Bombs also reduced the family’s home to rubble, forcing them to leave.
“The boys don’t even have a jacket,” says Leila. “Our neighbor, today, brought a cap for my youngest daughter. May God bless them, but that is [all we have].”
The family is among more than 126,000 refugees who have fled to Lebanon since the violence in Syria began in March 2011. That includes more than 65,000 children.
Raed’s father, Ahmad*, came to the Bekaa Valley in 2011 to find work as a general laborer. Though the family is together now, sporadic income, a deteriorating shelter, and looming cold weather instills fear of the unknown.
At about 215 square feet, the family’s shelter won’t keep them warm during the winter months. Ahmad, Leila, and their four children live here with six other relatives.
Ahmad spent all his savings to repair the rotted ceiling last winter. This year, the rain has already found its way in through cracks in the disintegrating walls.
Everything is damp. With no heating, Raed and his family risk getting sick.
“Children are our main concern,” said Wael, Ahmad’s cousin. “[The adults] take shifts in sleeping, trying to watch over the children from the danger of the ceiling falling on their heads, or ease their fear when they wake up at night. Here, everything is different for them.”

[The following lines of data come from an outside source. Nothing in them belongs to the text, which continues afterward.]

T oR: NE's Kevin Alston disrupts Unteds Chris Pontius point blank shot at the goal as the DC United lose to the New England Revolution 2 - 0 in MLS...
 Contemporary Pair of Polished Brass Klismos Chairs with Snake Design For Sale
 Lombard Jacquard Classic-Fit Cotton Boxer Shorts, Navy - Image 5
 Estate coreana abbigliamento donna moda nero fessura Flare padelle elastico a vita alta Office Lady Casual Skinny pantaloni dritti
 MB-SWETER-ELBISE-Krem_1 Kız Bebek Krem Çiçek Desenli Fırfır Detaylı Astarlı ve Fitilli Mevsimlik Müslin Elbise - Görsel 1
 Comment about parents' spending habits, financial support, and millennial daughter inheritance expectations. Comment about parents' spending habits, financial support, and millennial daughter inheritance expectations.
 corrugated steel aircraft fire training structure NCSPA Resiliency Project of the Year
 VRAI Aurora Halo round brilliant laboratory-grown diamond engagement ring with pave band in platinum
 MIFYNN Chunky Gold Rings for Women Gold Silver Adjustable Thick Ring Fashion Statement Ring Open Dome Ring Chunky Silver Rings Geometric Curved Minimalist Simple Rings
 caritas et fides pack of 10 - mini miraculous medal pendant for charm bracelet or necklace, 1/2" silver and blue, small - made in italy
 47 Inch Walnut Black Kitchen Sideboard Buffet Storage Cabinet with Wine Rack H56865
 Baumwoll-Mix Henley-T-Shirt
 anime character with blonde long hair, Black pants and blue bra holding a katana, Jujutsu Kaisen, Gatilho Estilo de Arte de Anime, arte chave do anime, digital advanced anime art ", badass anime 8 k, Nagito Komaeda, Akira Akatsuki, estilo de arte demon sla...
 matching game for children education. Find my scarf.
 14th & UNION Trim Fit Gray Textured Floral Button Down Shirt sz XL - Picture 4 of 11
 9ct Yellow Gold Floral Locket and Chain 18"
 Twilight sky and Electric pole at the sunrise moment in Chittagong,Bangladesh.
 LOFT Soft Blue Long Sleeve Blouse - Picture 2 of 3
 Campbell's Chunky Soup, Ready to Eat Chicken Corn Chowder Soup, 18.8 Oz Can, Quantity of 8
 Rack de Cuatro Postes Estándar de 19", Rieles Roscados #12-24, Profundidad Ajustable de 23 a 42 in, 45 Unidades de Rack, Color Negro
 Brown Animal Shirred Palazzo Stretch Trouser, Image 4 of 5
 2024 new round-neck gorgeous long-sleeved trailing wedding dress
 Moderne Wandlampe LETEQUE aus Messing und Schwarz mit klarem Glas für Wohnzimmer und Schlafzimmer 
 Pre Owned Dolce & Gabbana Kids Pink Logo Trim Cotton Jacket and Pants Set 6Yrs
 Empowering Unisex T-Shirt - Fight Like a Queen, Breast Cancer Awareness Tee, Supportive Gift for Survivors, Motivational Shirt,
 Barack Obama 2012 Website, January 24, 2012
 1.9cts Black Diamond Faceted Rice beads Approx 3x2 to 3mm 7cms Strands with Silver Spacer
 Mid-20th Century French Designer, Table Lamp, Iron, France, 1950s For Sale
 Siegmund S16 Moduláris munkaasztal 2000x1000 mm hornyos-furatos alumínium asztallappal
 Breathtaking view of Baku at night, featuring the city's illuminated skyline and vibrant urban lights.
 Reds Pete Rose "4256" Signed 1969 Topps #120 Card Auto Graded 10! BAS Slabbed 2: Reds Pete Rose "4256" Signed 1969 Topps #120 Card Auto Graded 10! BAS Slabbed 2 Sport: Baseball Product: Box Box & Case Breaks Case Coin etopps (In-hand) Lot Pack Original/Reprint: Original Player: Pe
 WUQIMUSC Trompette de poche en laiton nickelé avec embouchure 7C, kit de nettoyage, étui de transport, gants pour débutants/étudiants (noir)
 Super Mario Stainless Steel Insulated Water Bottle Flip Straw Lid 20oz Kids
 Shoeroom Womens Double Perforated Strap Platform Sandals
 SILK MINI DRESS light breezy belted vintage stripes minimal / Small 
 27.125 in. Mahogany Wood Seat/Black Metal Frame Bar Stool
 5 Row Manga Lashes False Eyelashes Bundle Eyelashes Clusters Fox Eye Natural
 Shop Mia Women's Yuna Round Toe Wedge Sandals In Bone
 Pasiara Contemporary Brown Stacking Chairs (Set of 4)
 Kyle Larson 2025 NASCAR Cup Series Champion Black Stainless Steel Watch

As refugees in northern Lebanon and the Bekaa Valley prepare for the onset of winter, World Vision is providing 3,500 families with supplies, including hygiene kits and monthly food vouchers.
Additional plans include supplying 6,100 families with blankets, clothing, stoves, and heating fuel for six months.
Child-Friendly Spaces operate in numerous communities, providing a safe place to play and learn for children unable to attend school. World Vision re-launched two Child-Friendly Spaces on November 26. They include activities for children ages 4 to 6 years.
*Adults’ names have been changed for the families’ protection.